Hendeğin genişliği 20 metre; derinliği 10 m. Kuşatma durumunda suyla dolduruluyormuş ve bunun için belki de şehirdeki ‘açık hava sarnıçları’ (havuzlar) kullanılıyormuş. Bu açık hava sarnıçlarını da aslında gayet iyi biliyoruz: biri Karagümrük’teki Vefa Stadı; öteki Çarşamba’daki Çukur Bostan.

İşte inşaat olarak da bildiklerimiz bunlar.

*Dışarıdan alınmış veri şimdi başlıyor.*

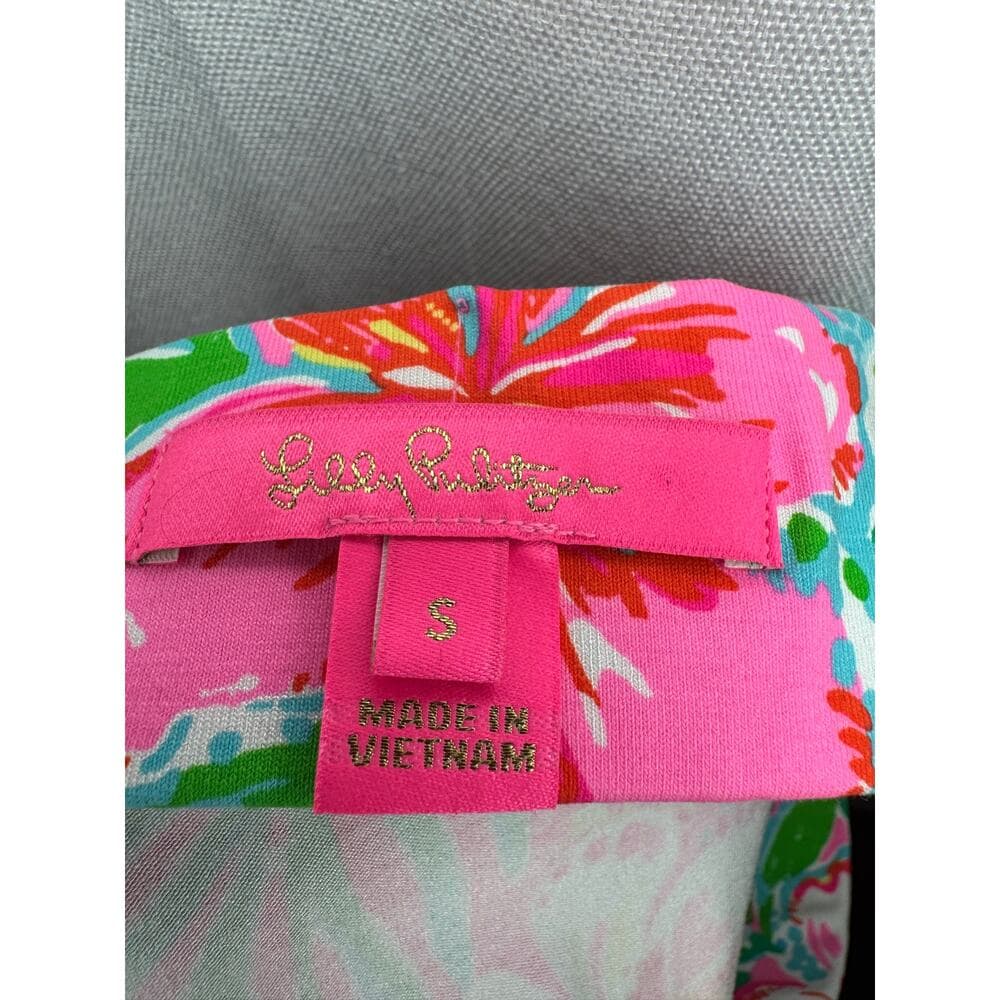 360. Lilly Pulitzer Pink Tropical Print Maxi Skirt Size Small - Thumbnail 5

Bir daha sefere, her İstanbul gezisinin başında kısaca verilmesi gereken bir şeyi anlatmaya çalışacağım: İstanbul’un tarihi; yani, Roma, Bizans, Osmanlı olayları.

-----

Bizanslılar kendilerine “Bizanslı” demezdi. Aslında “Bizans” diye bir kelimeyi hayatlarında duymamışlardı (tarihe çok meraklı olanlar dışında). Onlar kendilerine Romeos derlerdi, yani Romalı. Çünkü gerçekten Romalıydılar (Müslümanlar da onlara ‘Rum’ derdi nitekim).

Üç yüzlü yıllarda Roma İmparatoru Büyük Constantinus, başkenti Roma kentinden bugün İstanbul’un olduğu yere taşımaya karar verdi. O zamanlar orada Bizantion adında küçük bir Yunan kolonisi vardı. Şimdiki Topkapı Sarayı ve civarını kaplıyordu.

Constantinus yeni başkentini kurdu, anıtlarla donattı. Adını da Yeni Roma koydu. Ama insanlar ona hep Constantinus’un şehri dediler ve isim öyle kaldı: yani Konstantinopolis.

O arada, Constantinus Hıristiyan da olmuştu ve Hıristiyanlığı imparatorluğun resmi dini yaptı.

Zamanla imparatorluğun batı kesimi yok oldu gitti; Roma kenti yağmalandı, istila edildi. Ama doğu tarafı kaldı ve Hıristiyan Roma İmparatorluğu olarak devam etti.

Anadolu taraflarında her işte kullanılan ortak dil her zaman Yunanca olmuştu. Nitekim, Konstantinopolis’te de öyle oldu. Resmi dil bir süre Latince olmaya devam etti ama sonunda o da Yunanca oldu. O kadar ki, hükümdarın adı bildiğimiz Latince ‘imperator’ iken, Yunanca ‘Basileus’ (Vasilevs) oldu.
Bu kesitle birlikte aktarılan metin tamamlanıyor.